A more accurate diagnosis can be established by adding to the work-up a brain MRI and performing a lumbar puncture to evaluate for chronic infections and neoplastic conditions and for measurement of Tau protein (which is usually moderately elevated in Alzheimer’s disease and markedly elevated in conditions such as Creutzfeld Jacob disease). 
Practically: Considering that the patient is running a slow and progressive deterioration and assuming that the neurological and physical examinations are normal my recommendations would be:
To perform a routine laboratory work-up and brain MRI and next consider indications for LP according to the results.
Regarding therapy:
The present working diagnosis is possible Alzheimer’s disease. In such cases therapy with acetyl choline-esterase inhibitors (Aricept, Exelon, Reminyl) is certainly indicated.

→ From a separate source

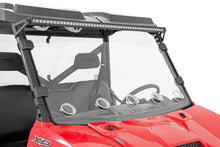 Load image into Gallery viewer, Polaris Scratch Resistant Full Vented Windshield For 16-18 Ranger 1000XP and 13-20 Ranger 900XP Rough Country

Following several months of therapy and according to the therapeutic response and adverse effects profile Memantine should be considered either as add-on or as alternative.
The patient should be screened for depression and if present medicated for this condition as well.
There are clinical trials for investigational treatments underway at multiple centers throughout Italy and Europe. 
I would suggest that you contact a University-level hospital and inquire about available ongoing clinical trials. I will be able to provide further information regarding a particular trial once considered.